J’ai aussi des exemples de médecins à qui je ne veux pas ressembler. Des médecins qui ne m’ont pas écoutées, qui ne m’ont pas fait confiance, qui m’ont dit que mes douleurs étaient psychologiques alors qu’après de longue recherche on a trouvé une origine organique réelle. Des médecins qui m’ont fait du chantage pour que je sois observante, qui n’ont aucune patience et qui n’ont pas essayé de comprendre mes peurs. Et qui au final ont perdu toute leur humanité au fil des années. Le côté humain de la médecine est pour moi tout autant important que le côté scientifique. L’un ne peut marcher sans l’autre. Et grâce à mon expérience en tant que patiente, je mettrai un point d’honneur à rester humaine, empathique et à l’écoute de mes patients pendant toute ma carrière.

Qu’est-ce qui t’a le plus aidée dans les moments difficiles ?
Dans les moments difficiles, que ce soit pour la santé ou les études, je pense tout d’abord à ma famille qui a toujours été là pour moi. J’ai la chance d’avoir une famille aimante qui me soutient dans tout ce que j’entreprends. Elle est là quand je suis malade, à l’hôpital, elle était là pendant la Paces pour me soutenir et m’aider au quotidien. Je n’en serais pas ici sans eux. Mes amis aussi me soutiennent énormément. J’ai la chance d’être entourée des bonnes personnes.

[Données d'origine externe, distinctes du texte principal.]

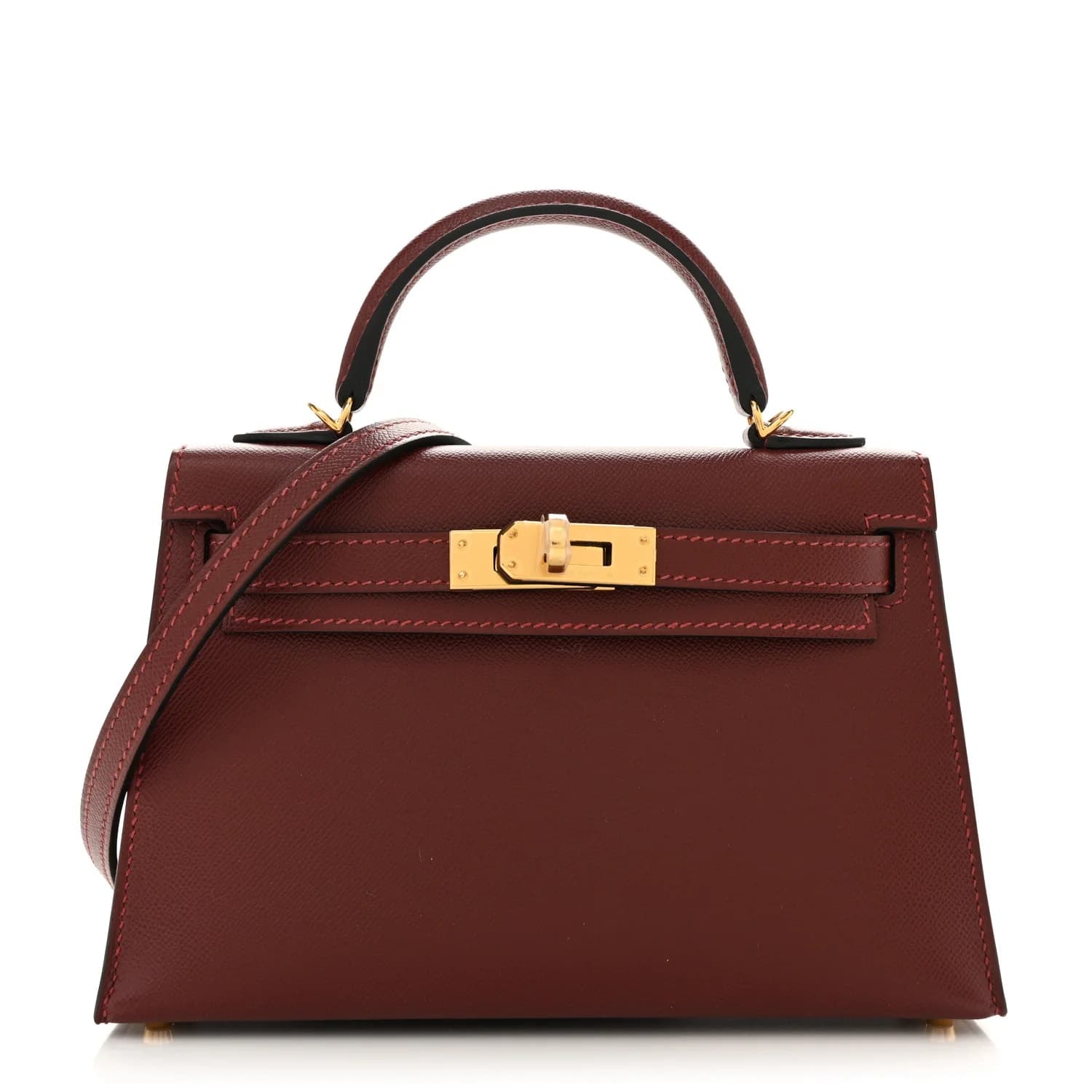Hermès Mini Kelly - Image 1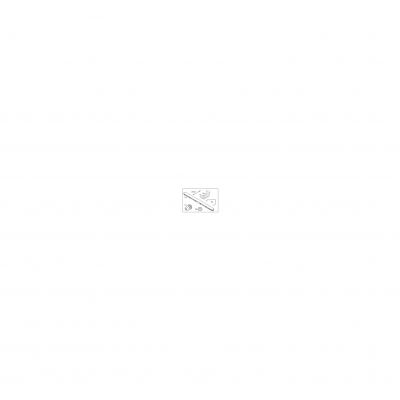 DP 1500 81W 865 IP65 GY LEDVANCE (4058075541306)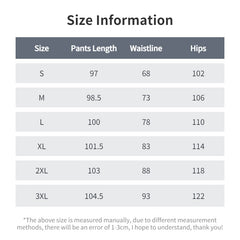 voguable Men's Jeans Pants Casual Vintage Baggy Clothing Straight Leg Trousers Korean Fashion Man Streetwear Pop Harajuku Oversize Pants voguable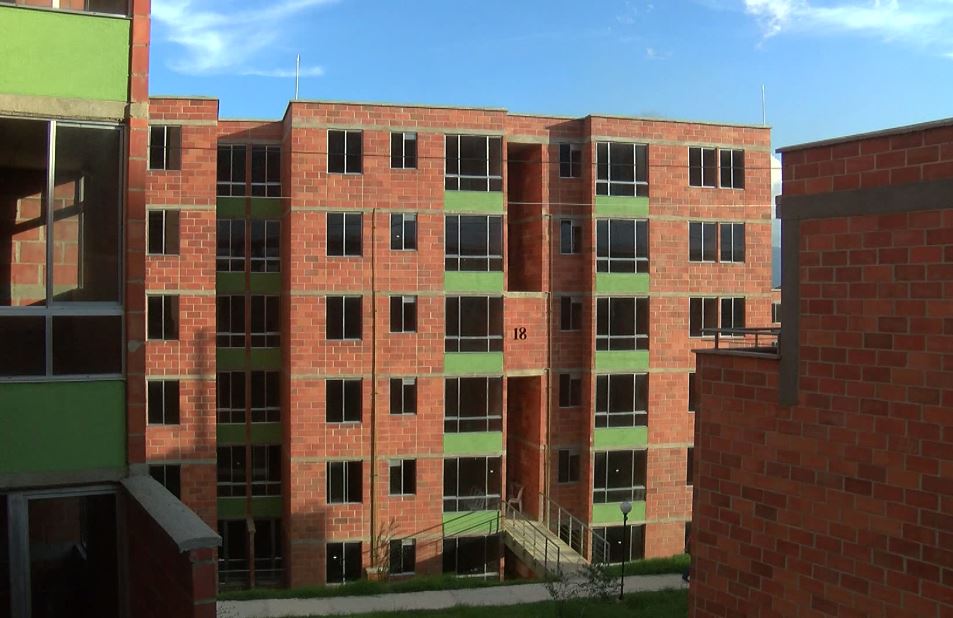 Adquisición de vivienda nueva aumentó 20 % en Medellín: Camacol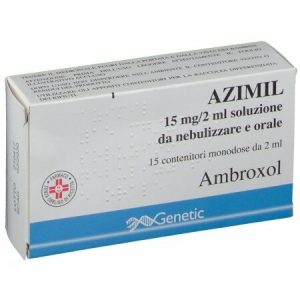 Azimil os nebul 15fl 15mg 2ml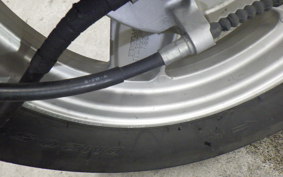 HONDA GYRO CANOPY 1997 TA03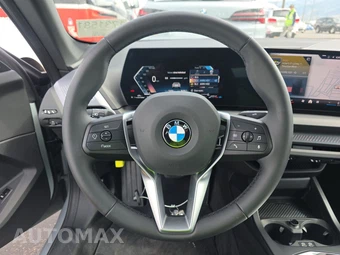 2025 BMW 2 Series Gran Coupe 228 xDrive Sedan - miniatura 10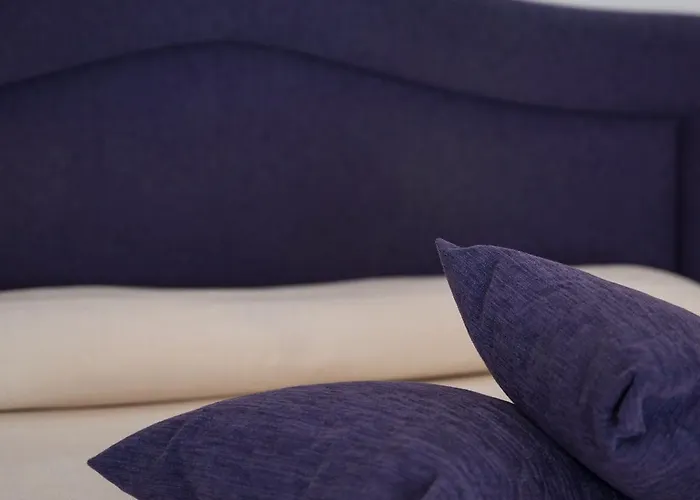 Residenza Luce Szálloda Amalfi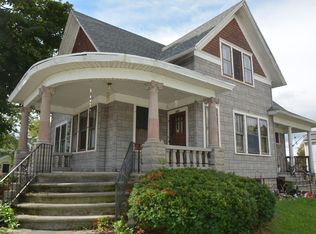431 5th St, Kiel, WI 53042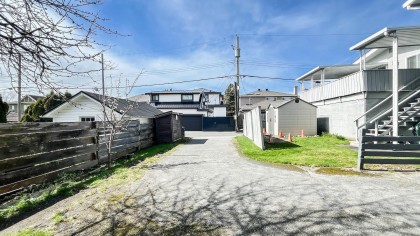 Photo 39 at 1420 Park Drive, Marpole, Vancouver West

Est-ce que faire des études de médecine t’aide dans la gestion de ta mucoviscidose ?
Pour la gestion de ma maladie il y a des avantages et des inconvénients à faire médecine. Je comprends mieux les tenants et les aboutissants de chaque prise de risque, de chaque traitement, de chaque chose qui m’arrive. Cela me permet de mieux réagir aux situations, d’être plus vigilante, de mieux comprendre… Mais en contrepartie ça génère des angoisses que je n’aurais pas sans médecine. Quand je vois le mot « muco » dans les cours je ne suis jamais très bien… On connaît le syndrome de l’étudiant en médecine, je pense que je l’ai puissance 10. Le fait d’être en médecine change aussi ma relation au personnel soignant. Cela crée un « lien », ils m’expliquent davantage les choses qui me concernent, mon chirurgien m’a même proposé de venir assister à une opération dans son bloc.
Il y a en revanche la difficulté de gérer des études difficiles et prenantes avec mes traitements et rendez-vous médicaux. Mais tout est une question d’organisation et j’ai toujours réussi à tout gérer jusqu’à présent.
Enfin, je suis plus sujette aux infections pulmonaires, je dois donc faire très attention aux patients contagieux en stage, donc port de masque et lavage de main dès le moindre doute. C’est pesant au quotidien de devoir faire attention à tout. Mais je m’y habitue de plus en plus. J’évite les services à risques comme la pneumologie ou les maladies infectieuses. Ici aussi, tout est question d’organisation.
Y a-t-il des moments clés dans ta prise en charge médicale qui t’ont marquée ?
Il y a eu des moments clés dans ma prise en charge. En 2016, premier jour où j’ai pris l’Orkambi, un des traitements qui corrige en partie la fonction de CFTR, j’ai été une des premières à recevoir ce médicament. Il a radicalement changé ma vie (disparition de la toux qui jusqu’alors a été omniprésente jour et nuit. De plus, la fonction endocrine de mon pancréas s’est remise en route, j’ai gagné 15% de capacité respiratoire.
L’autre moment marquant a été ce jour de février 2019, où j’ai eu une bilobectomie de mon poumon droit. J’ai perdu alors 2 lobes qui étaient atélectasiés depuis de nombreuses années, ce qui a changé ma vie. La toux a une nouvelle fois diminué et j’ai pu refaire du sport.

Quels conseils donnerais-tu aux futurs médecins qui prennent en charge des pathologies chroniques ?
L’écoute : un médecin doit être à l’écoute et soutenir son patient. Il n’y a que comme ça qu’une relation de confiance pourra exister avec le patient. Et cette confiance est primordiale dans le suivi et l’observance d’une maladie chronique. C’est un travail d’équipe.
Ensuite la pédagogie : le patient a besoin de comprendre le pourquoi du comment pour accepter sa maladie et être observant.
Enfin l’empathie : les patients ne sont pas des objets. Ils éprouvent des émotions, des peurs, des envies. Il ne faut jamais l’oublier. On a trop tendance à résumer un patient à sa pathologie.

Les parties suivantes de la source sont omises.